It’s Holiday time. Here is my Holiday present to you: 2016 Fantasy Baseball Rankings and $ Values using Steamer Projections and NFBC’s Format: (2)c,1b,2b,3b,ss,ci,mi,(5)of,u,(9)p and (17)bench spots.
For review, I’ll discuss the approach after the rankings, but you can check out Zach’s FVARz series of posts as well. Zach and I do a few things differently, but I use this template over others, such as SGP because I like how hands-on it allows you to be when ranking your projections. It allows for both pragmatism (drafting a certain number of players within a specific position for your league format) and objectivity (focusing on the Z-Sum/5×5 value of each player). I will describe below:
There are three tabs: Hitters, Pitchers and the posted “$” for dollar values and combined Hitter-Pitcher rankings.

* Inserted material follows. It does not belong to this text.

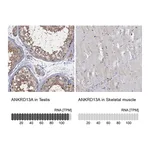 Atlas Antibodies Anti-ANKRD13A Antibody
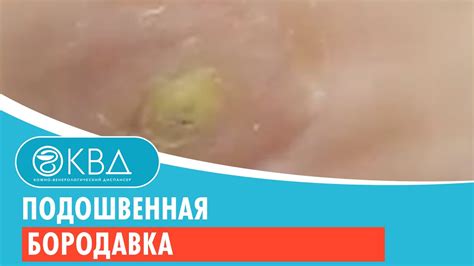 Подошвенная бородавка. Клинический случай №57 - YouTube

I’m going to attend only to hitters, but the same approach is used for pitchers (separating SP and RP from each other though…feel free to comment with questions).

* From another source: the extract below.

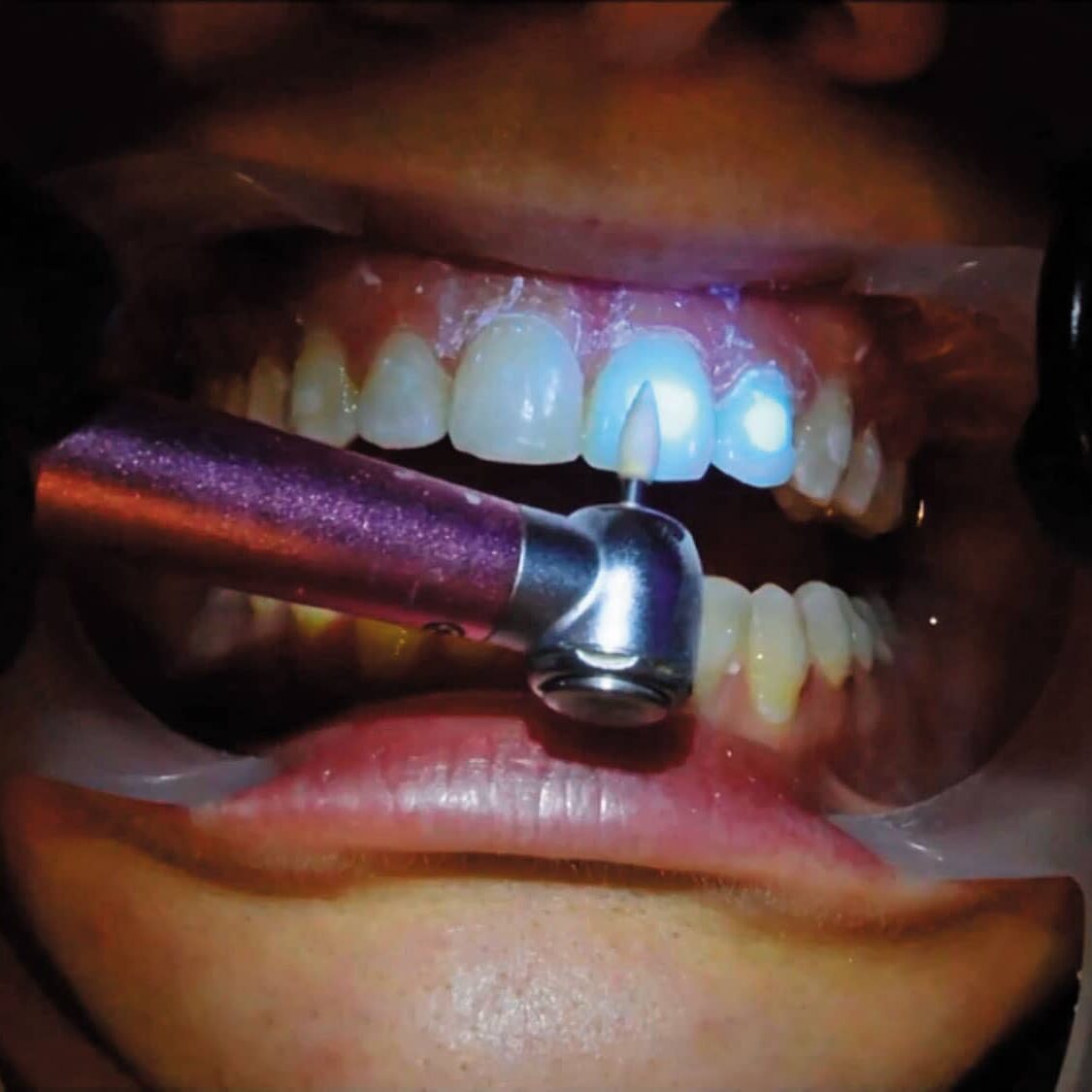 Comparing Two Orthodontic Adhesives | Orthodontic Products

I exported each position within Steamer’s projections, removed duplicates and players that likely won’t reach the majors/will retire. I also associated players to their most scarce positions. DH’s, such as David Ortiz are with 1B’s. For your convenience, in the hitters tab, you will find the 1B’s highlighted in Red if they DH only.
Finding Means and Standard Deviations for Z-Scores:
I combined all hitters and sorted by Plate Appearances. For 40 roster spots * 15 teams, I determined that in general, 360 hitters will be drafted. I therefore sort by PA and pull the mean and standard deviation for each 5×5 stat (HR,R,RBI,SB,AVG) for the first 360 hitters (hitters with 237+ PA).

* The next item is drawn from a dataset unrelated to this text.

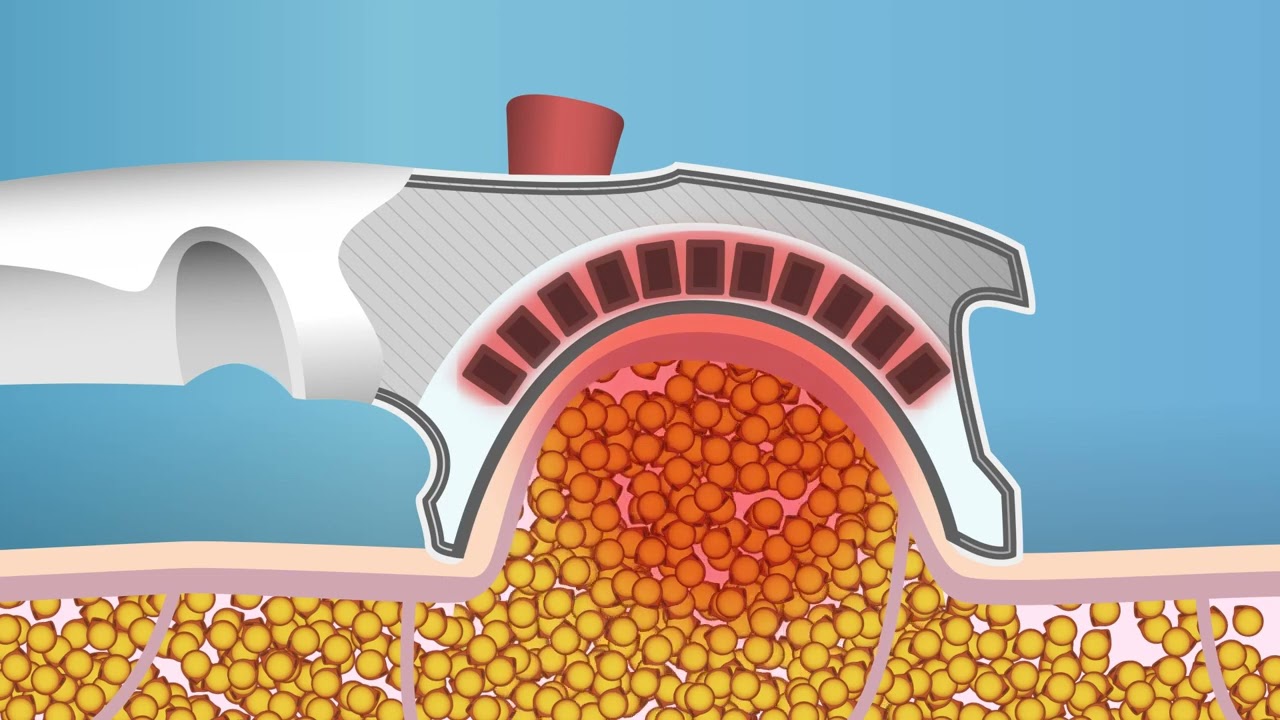 Cryolipolyse CryoSlim by France Cryo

The 5×5 Z-Sums are in the 10th column (in the Hitters tab).
Now comes the pragmatic objectivity. Stick to the Hitters tab. It’s currently sorted in the way that will make the most sense to you. For the means and standard deviations, we used the universe of hitters that will be drafted (360). Here, we are looking at the number of hitters that will be on active rosters (210) = 14 hitting roster spots * 15 teams. There are therefore 210 hitters “Above Replacement Value.” We have to find the replacement value/player within each position; take their Z-Sum and adjust all other players in that same position by that Z-Sum.
For example, in this format, approximately 30 1B will be drafted for 1B, CI and U slots. The replacement player is therefore the 31st 1B (Justin Bour). Bour’s Z-Sum is -0.12. We therefore add .12 to him and all other 1B. His “PosAdj” (column 11) value becomes 0.00, which will turn into $1.00 when we associated a dollar value.
The objectivity is adhering to the Z-sums. You don’t want to put another few 1B’s above replacement value, because the next 1B will have a Z-Sum that approaches our 2B/SS replacement value, and we know that middle infielders are more scarce than 1B. Scroll to the right in the hitter tab for the replacement players and associated Z-Sums used for the position adjustments:
C: JR Murphy = -5.04
1B: Justin Bour = +.12
2B: Johnny Giavotella = -0.58
3B: Jake Lamb = -0.63
SS: Brad Miller = -0.86
OF: Rusney Castillo = -0.61
SP: Jeremy Hellickson = -1.56
RP: Jason Grilli = -0.98
Now you should know exactly what you’re looking at in the Hitters (and Pitchers) tab.
The Auction conversion is right from Zach’s series: [(260-(1*23))/23]*(FVARz / average FVARz for above-replacement players) + 1.
260 = Budget
23 = # of active players per team
FVARz = Position Adjusted Z-Sum
Average FVARz for above-replacement players = the average Position Adjusted Z-Sum for all hitters and pitchers “above the replacement value” i.e. our active roster players. Our avgFVARz = 3.27.
The embedded file was updated on 12/22 at 10:32 EST.
Miguel Sano was moved from 3B to 1B (highlighted in red in the Hitters tab since he is currently Util-eligible only).